EXHIBIT 10.10
PACIFIC ETHANOL, INC.
0000 X. Xxxx Xxxxxx
Xxxxxx, Xxxxxxxxxx 00000
March 23, 2005
Xx. Xxxx X. Xxxxxxx
0000 X. Xxxx Xxxxxx
Xxxxxx, XX 00000
Dear Xx. Xxxxxxx:
This Letter Agreement memorializes the terms of an agreement between
you and Pacific Ethanol, Inc., a Delaware corporation (the "COMPANY"), regarding
the indemnification obligations of the Company with respect to that certain
Guaranty made by you in favor of Comerica Bank under which you guarantee the
payment by Kinergy Marketing, LLC, an Oregon limited liability company
("KINERGY") of any existing or future indebtedness to Comerica Bank. This
Guaranty was made in connection with Kinergy's execution of the (i) Master
Revolving Note in favor of Comerica Bank, dated September 24, 2004 ("NOTE");
(ii) Security Agreement in favor of Comerica Bank dated September 24, 2004
("SECURITY AGREEMENT"); (iii) letter agreement with Comerica Bank dated
September 24, 2004 ("LETTER AGREEMENT"); (iv) Irrevocable Standby Letter of
Credit No. 595744-41 issued by Comerica Bank dated as of October 1, 2004, as
amended on March 3, 2005 ("LETTER OF CREDIT NO. 1"); and (v) Irrevocable Standby
Letter of Credit No. 595743-41 issued by Comerica Bank dated as of October 1,
2004, as amended on March 3, 2005 ("LETTER OF CREDIT NO. 2"). The Note, Security
Agreement, Letter Agreement, Letter of Credit No. 1 and Letter of Credit No. 2
are collectively referred to herein as the "LOAN AGREEMENTS." The effective date
of this Letter Agreement shall be as of the date first set forth above.

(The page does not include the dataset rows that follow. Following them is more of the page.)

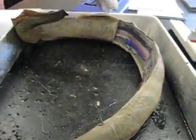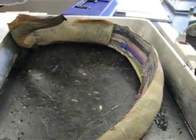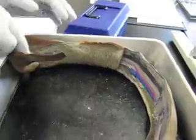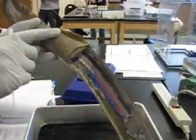We have the main trunk of the fish. We have paired dorsal fins. We'll have a caudal fin, and if you looked up into the light you could see the fin rays.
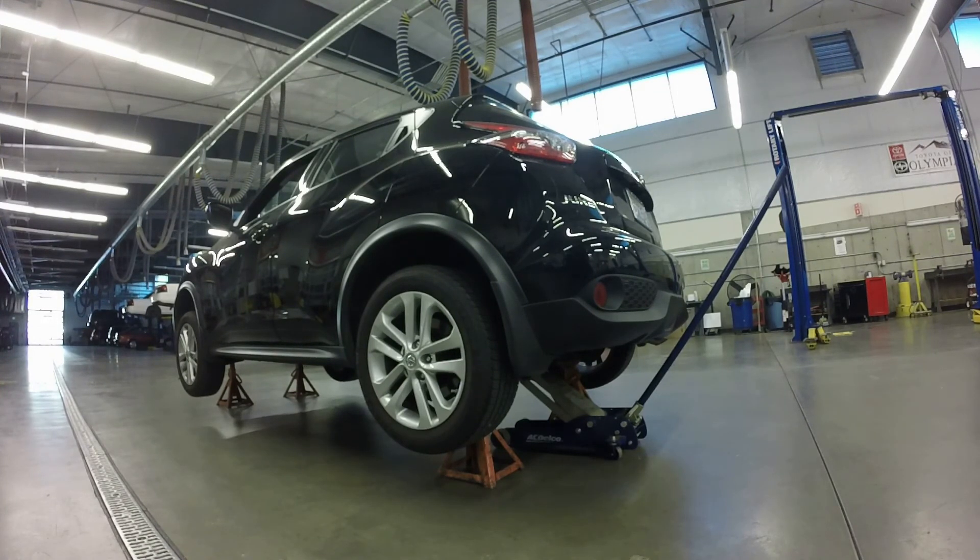Now the vehicle is completely supported and it's ready to rotate the tires or do whatever other service you need to do. It's completely safe to get underneath it.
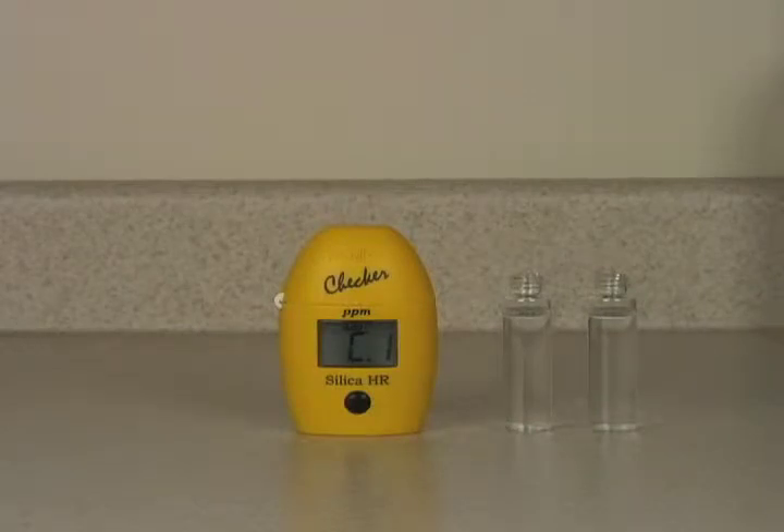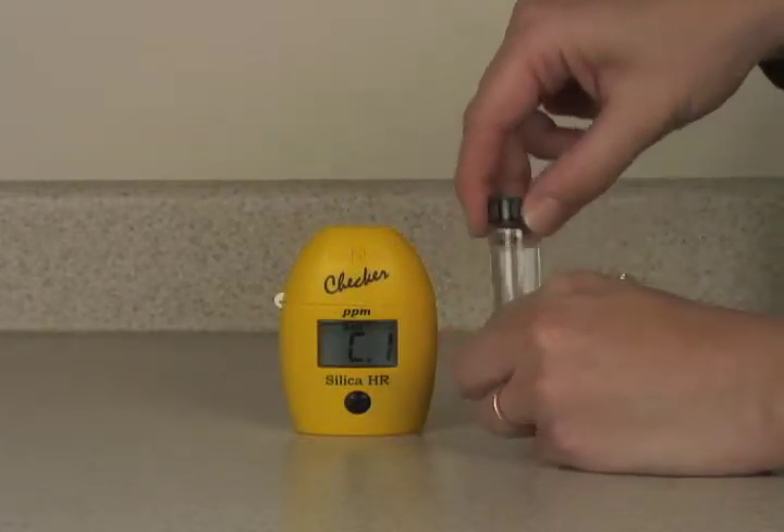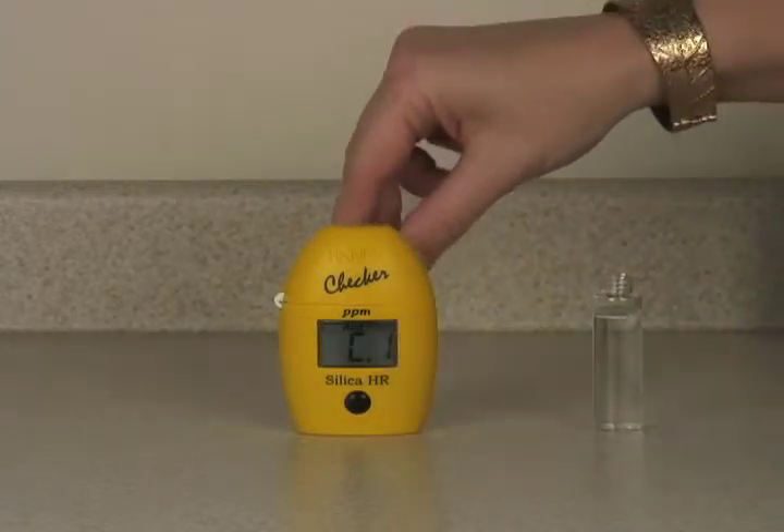Today we're going to do the test for silica, the HI-770 checker. We have two cuvettes of unreacted sample that fill with 10 milliliters each. I use just plain tap water. We're going to put the cap on one — that is our blank — so we'll set that aside.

Kinergy is a party to that certain Share Exchange Agreement (the "SHARE
EXCHANGE AGREEMENT") dated as of May 14, 2004, as amended on July 29, 2004,
October 1, 2004, January 7, 2005, February 16, 2005 and March 3, 2005, by and
among Accessity Corp., a New York Corporation ("ACCESSITY"), Pacific Ethanol,
Inc., a California corporation ("PEI"), Kinergy, ReEnergy, LLC, a California
limited liability company ("REENERGY"), each of the shareholders and holders of
options or warrants to acquire shares of common stock of the Corporation, and
each of the limited liability company members of each of ReEnergy and Kinergy.
Pursuant to such Share Exchange Agreement, each of PEI, Kinergy and ReEnergy
will become a wholly-owned subsidiary of the Company following a reincorporation
merger of Accessity with and into the Company. The transactions contemplated by
the Share Exchange Agreement shall be referred to herein as the "SHARE EXCHANGE
TRANSACTION."
Kinergy has obtained the written consent of Comerica Bank to the Share
Exchange Transaction and the resulting change in control of Kinergy. Because you
will no longer be the member or manager of Kinergy after the close of the Share
Exchange Transaction, the Company has agreed to replace you as guarantor under
the Guaranty. Such replacement is to occur as soon as reasonably practicable
after the closing of the Share Exchange Transaction.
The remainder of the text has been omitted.